Extracting Data from SignalFx

While the data you send into SignalFx is visible in dashboards and charts, you can also extract past or streaming time series data that has been sent to SignalFx. You can extract “raw” data (metrics and their values), as well as data that has been processed by SignalFx analytics. You can also choose between extracting past data and extracting data as it is being streamed to SignalFx.

Why would I extract data from SignalFx?

You might want to extract data from SignalFx for a variety of reasons. Some of the most common use cases include:

  • You have an operational dashboard that pulls data from multiple sources, including SignalFx, to present a consolidated view of an environment. The tool you use for the operational dashboard has its own visualization capabilities, so all you need is the data to populate the visualizations.
  • You want to make data that’s stored in SignalFx visible to users that don’t have logins to SignalFx, such as executives or customers.
  • You want to use the metrics in SignalFx to drive automated actions, e.g. to remediate issues or to perform preventative maintenance, and you prefer not to do this using SignalFx detectors and their associated webhooks.
  • You want to analyze the data stored in SignalFx using a desktop product, or some other tool that performs different types of analytics than the SignalFx analytics engine.

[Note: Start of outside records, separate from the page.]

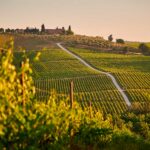 News du vin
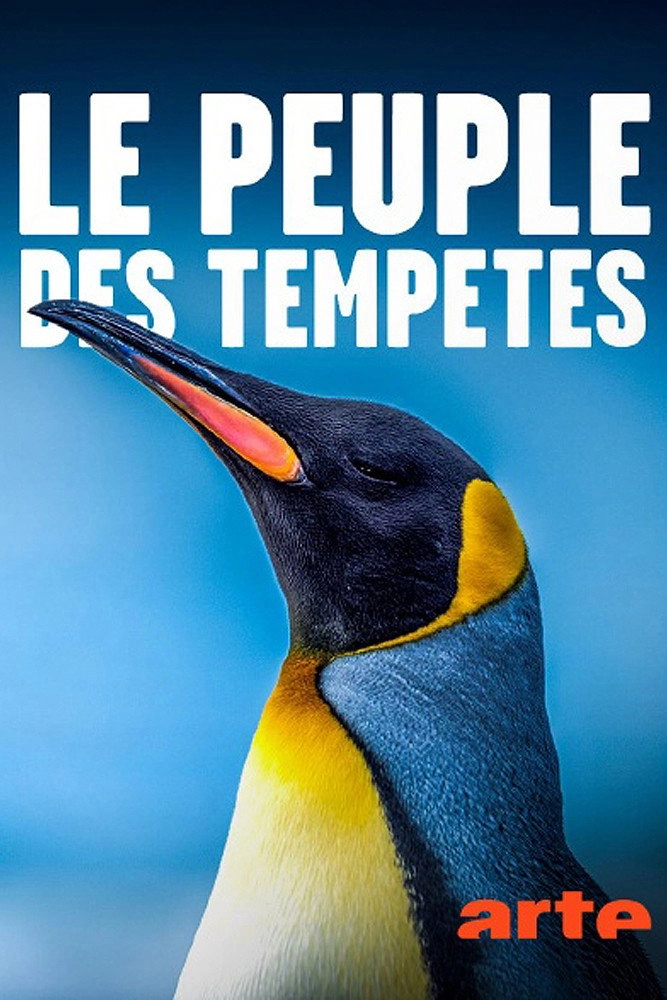 Animals of the Tempest
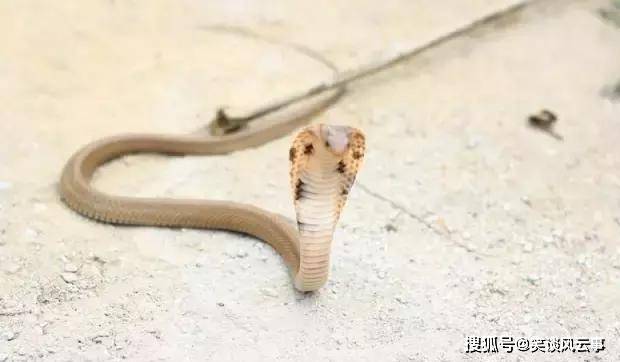 连 饭铲头 毒蛇都出来踏青了 路遇毒蛇最好不要惹 眼镜蛇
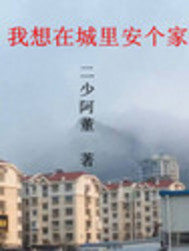 我想在城裡安個家小說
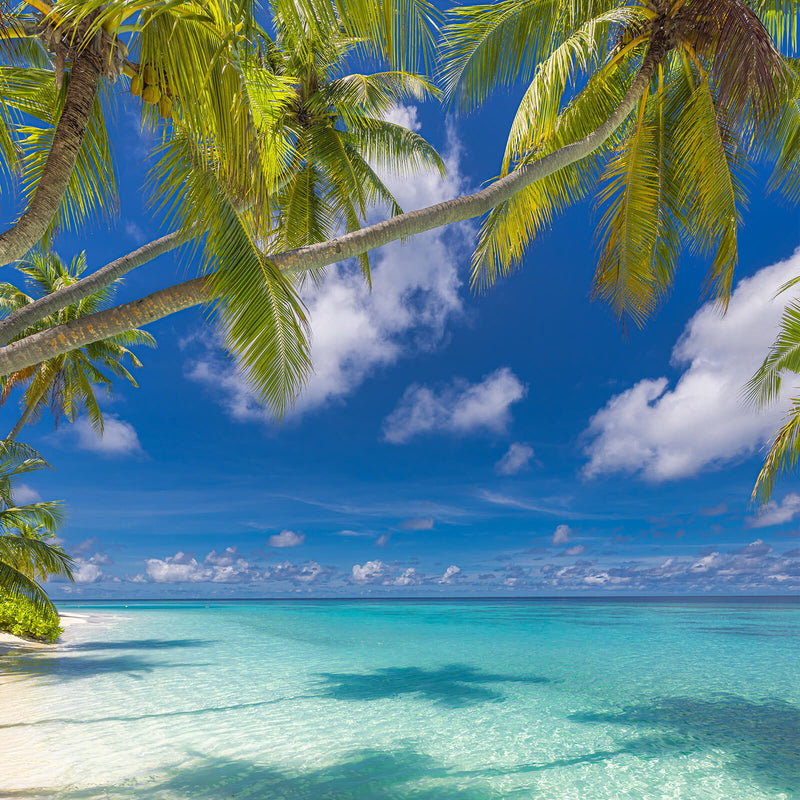 Tropical Scene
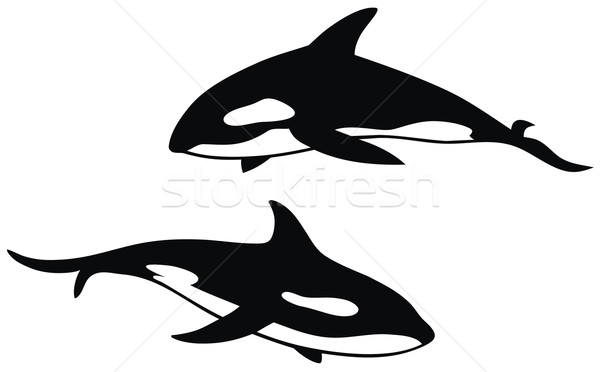 Tueur baleine résumé mer silhouette dauphins [[stock_photo]] © oorka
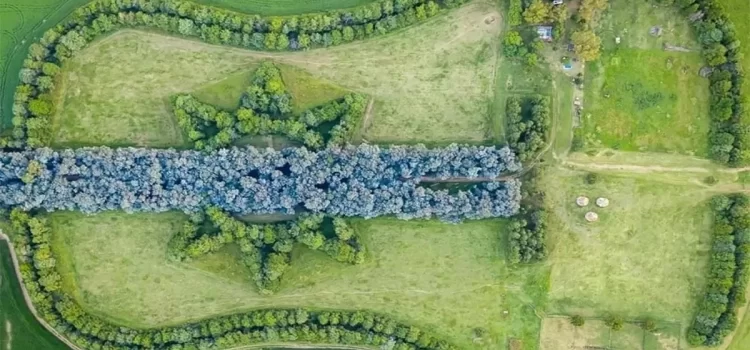Creó un bosque con forma de guitarra en memoria de su esposa Creó un bosque con forma de guitarra en memoria de su esposa
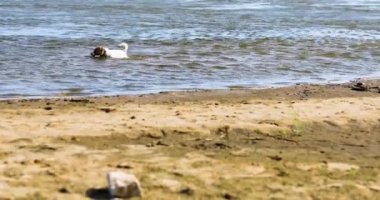 Mutlu genç Jack Russell Terrier, sıcak bir günde, güneşe karşı kıyıda su üzerinde yürüyor.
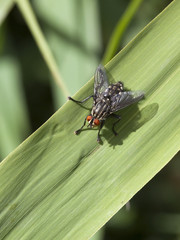 flesh fly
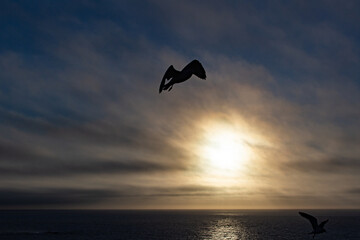 Fototapeta na wymiar Möwen im Sonnenuntergang Westküste Portugal, Algarve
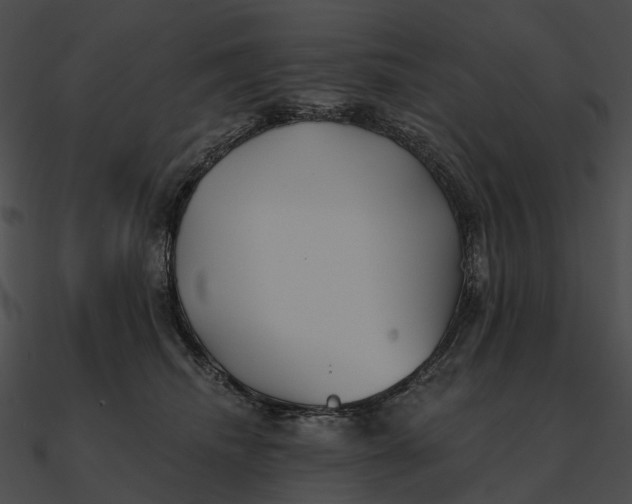 X0000090500468200708031213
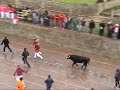 Encierros en Ciudad Rodrigo 2008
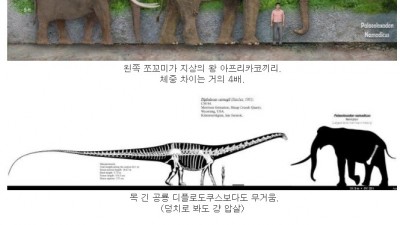 레전드 코끼리 크기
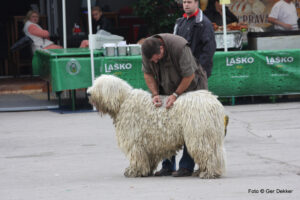 Komondor - The Hungarian Mop Dog Warrior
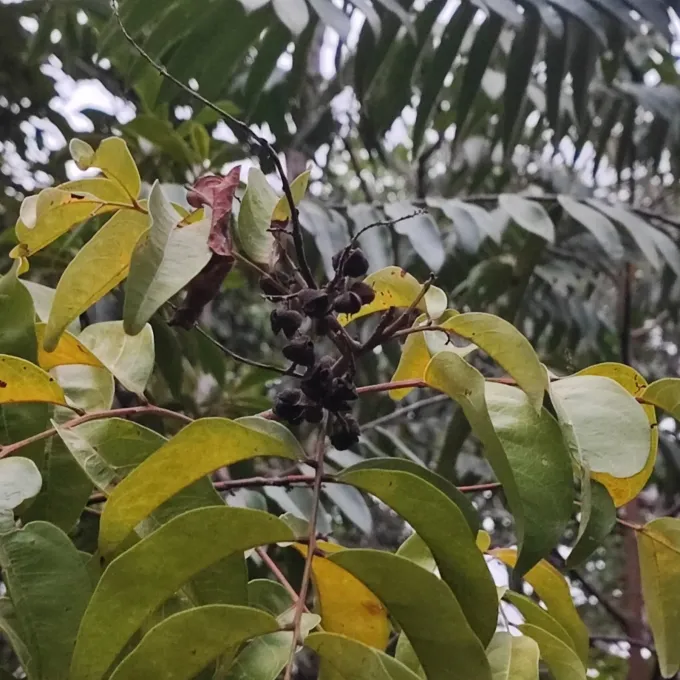 Matayba guianensis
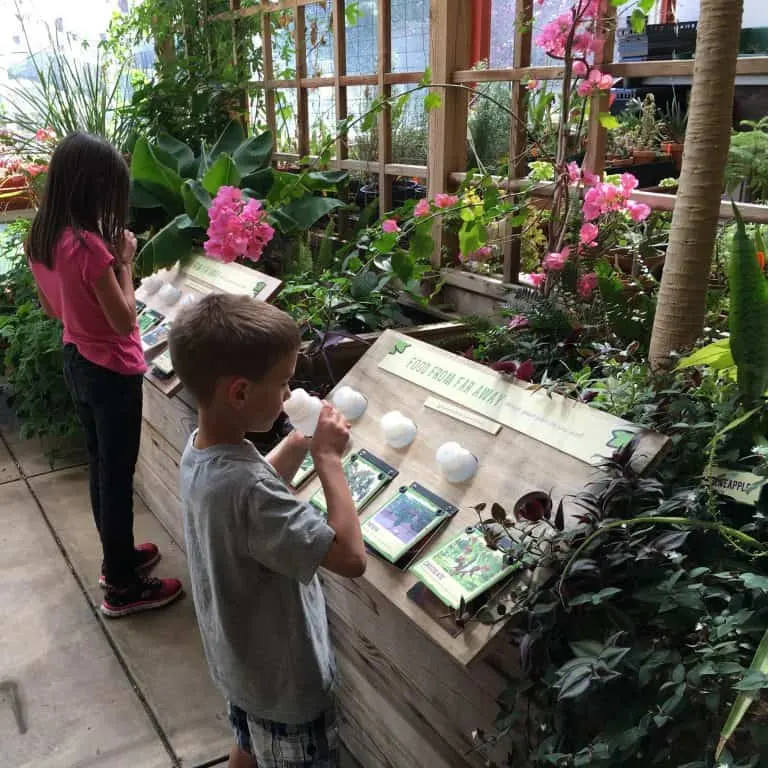 denver botanical garden by tiffany vaughn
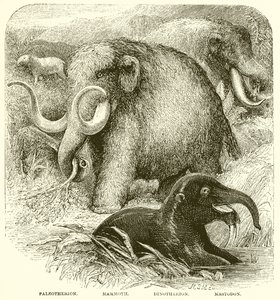 El Elefante de English School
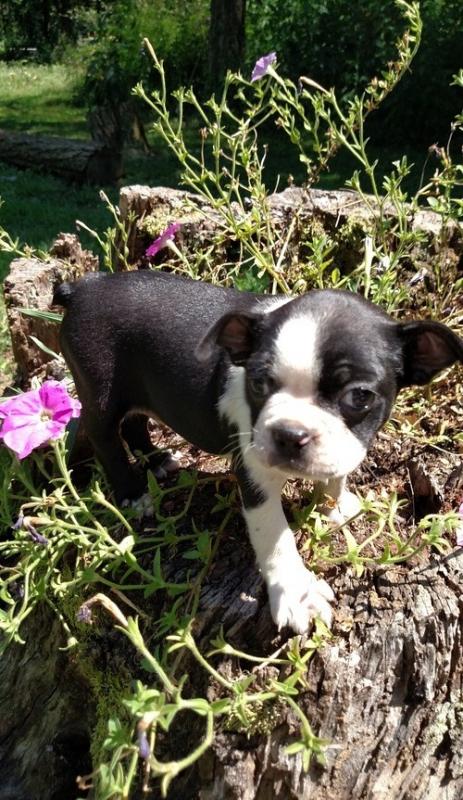 Very healthy and cute Boston Terrier puppies for you. Image eClassifieds4u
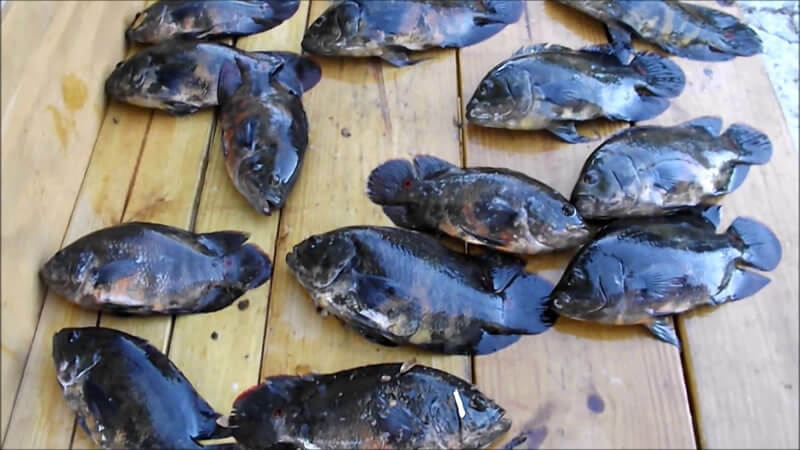 Fishing Oscar Fish Oscar fish care guide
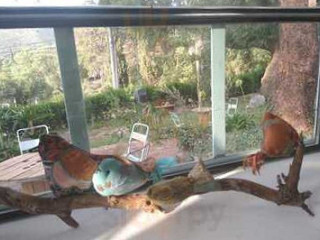 Chilu’s Cosas Ricas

How do I extract data from SignalFx?

There are three common ways to extract data from SignalFx: by using SignalFlow, SignalFx’s streaming analytics API; by using the /timeserieswindow endpoint in the SignalFx API; or from the SignalFx UI. Each method is summarized below. To use SignalFlow or /timeserieswindow, you must have an access token for the SignalFx API. For more information, see Authentication Overview.

Using SignalFlow to extract data

SignalFx provides a language called SignalFlow that is primarily used to describe computations for SignalFx’s real-time analytics engine. In addition, SignalFlow also provides a publish() stream method, which extracts data from a stream so that it is visible outside of a computation.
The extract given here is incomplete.